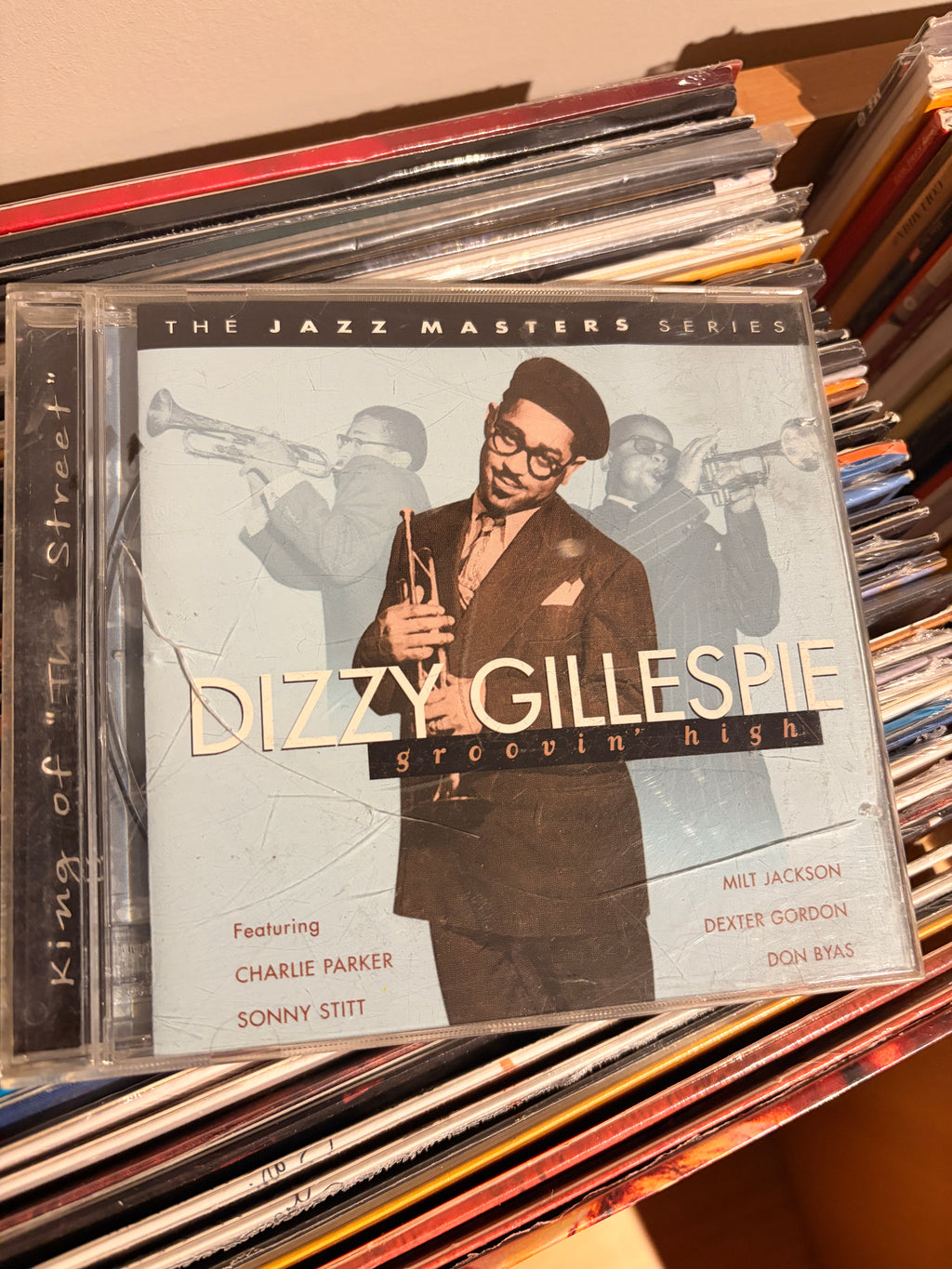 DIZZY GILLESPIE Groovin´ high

---

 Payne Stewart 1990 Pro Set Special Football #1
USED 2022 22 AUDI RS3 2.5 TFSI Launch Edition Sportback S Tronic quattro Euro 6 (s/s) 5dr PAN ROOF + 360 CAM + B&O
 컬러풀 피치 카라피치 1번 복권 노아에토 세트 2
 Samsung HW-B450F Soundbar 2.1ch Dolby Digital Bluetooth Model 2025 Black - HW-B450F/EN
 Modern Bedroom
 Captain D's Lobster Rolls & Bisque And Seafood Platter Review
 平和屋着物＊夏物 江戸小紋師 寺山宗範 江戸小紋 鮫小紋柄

...

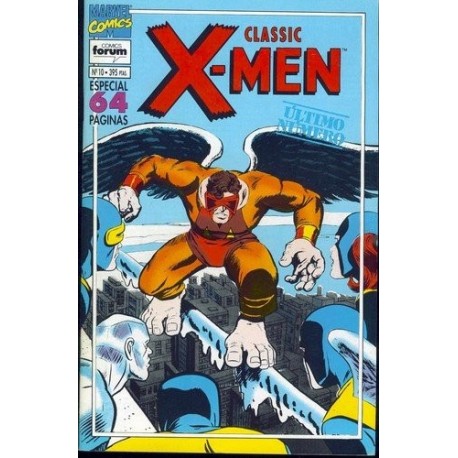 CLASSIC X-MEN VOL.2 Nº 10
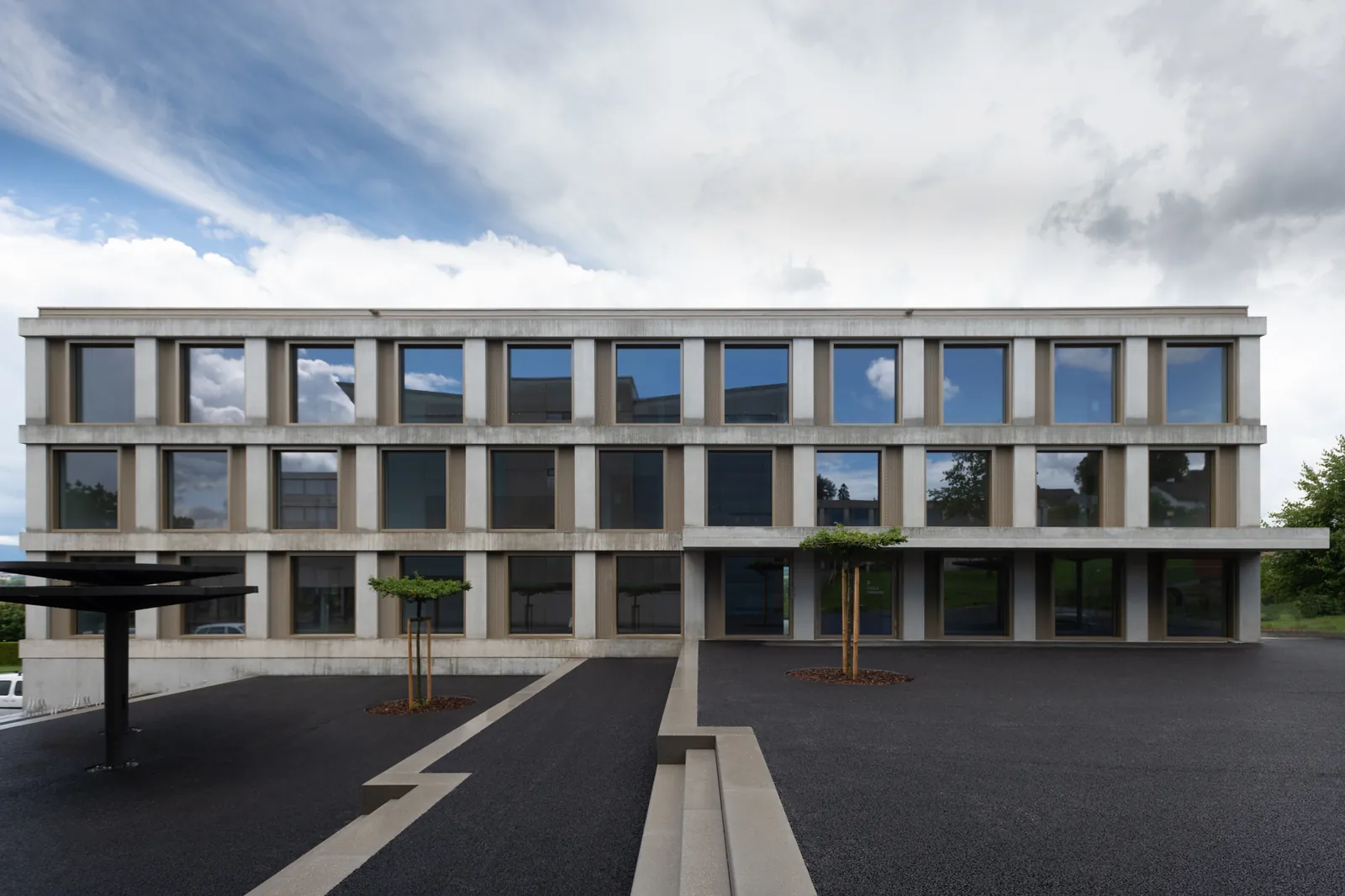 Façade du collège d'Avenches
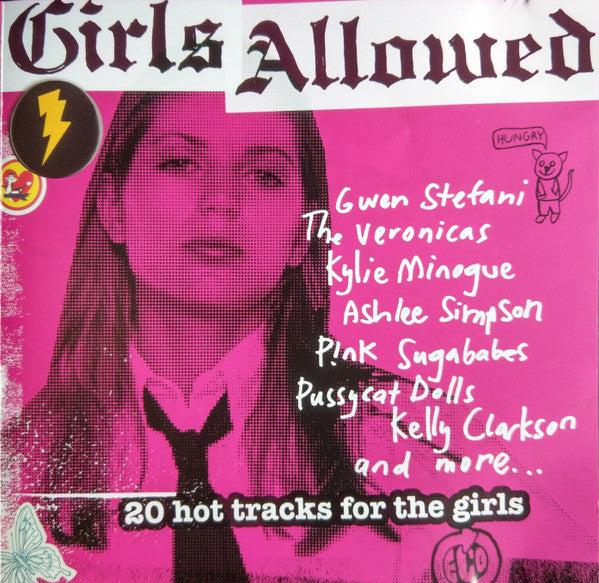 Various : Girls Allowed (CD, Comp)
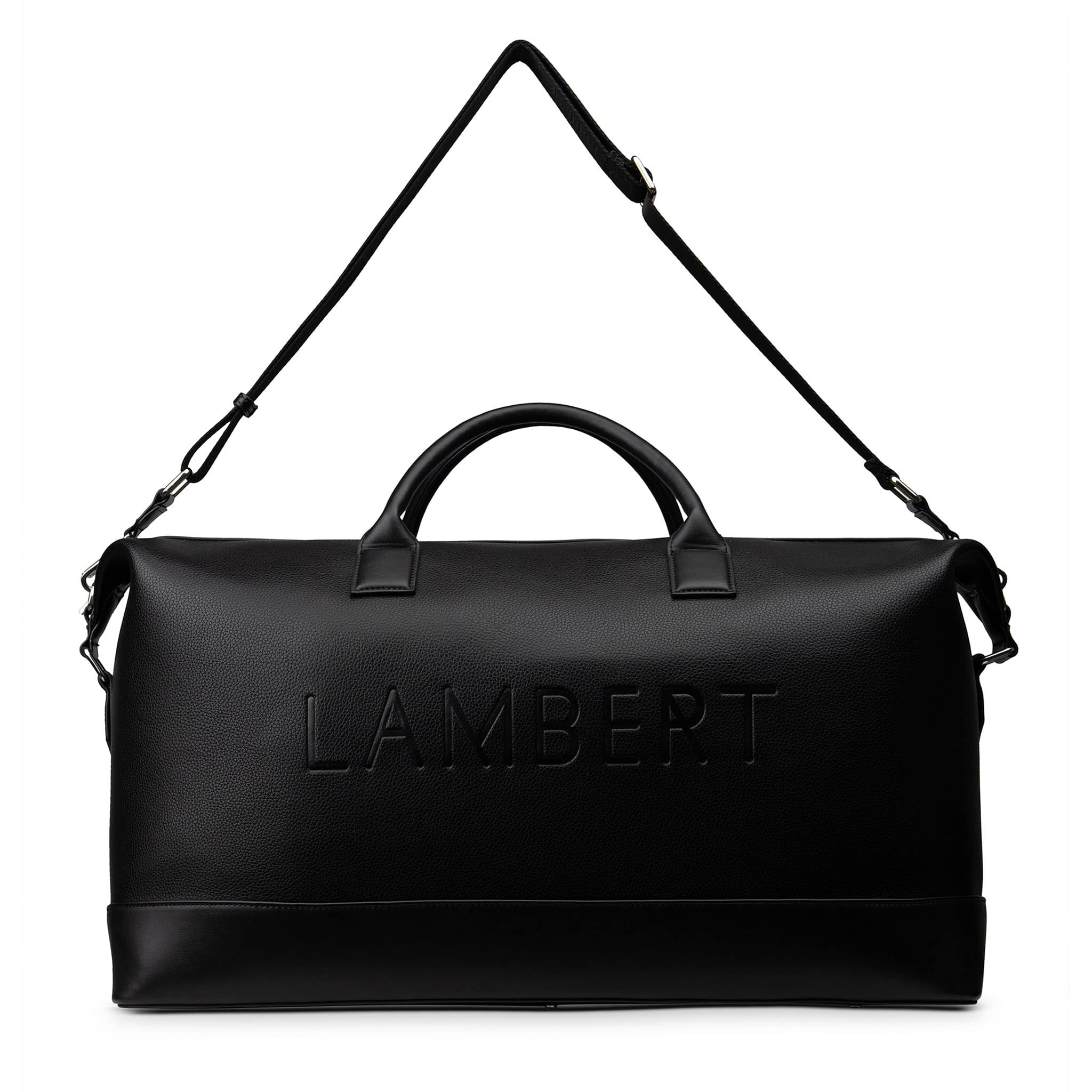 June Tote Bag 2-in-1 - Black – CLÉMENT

- PROBLEM REQUIREMENTS:
Using the data above, give again exactly the lines starting at the one holding "Façade du collège d'Avenches" and ending at the one holding "June Tote Bag 2-in-1 - Black – CLÉMENT", inclusive, and nothing more. Omit the pictures.

- ANSWER SECTION:
 Façade du collège d'Avenches
 Various : Girls Allowed (CD, Comp)
 June Tote Bag 2-in-1 - Black – CLÉMENT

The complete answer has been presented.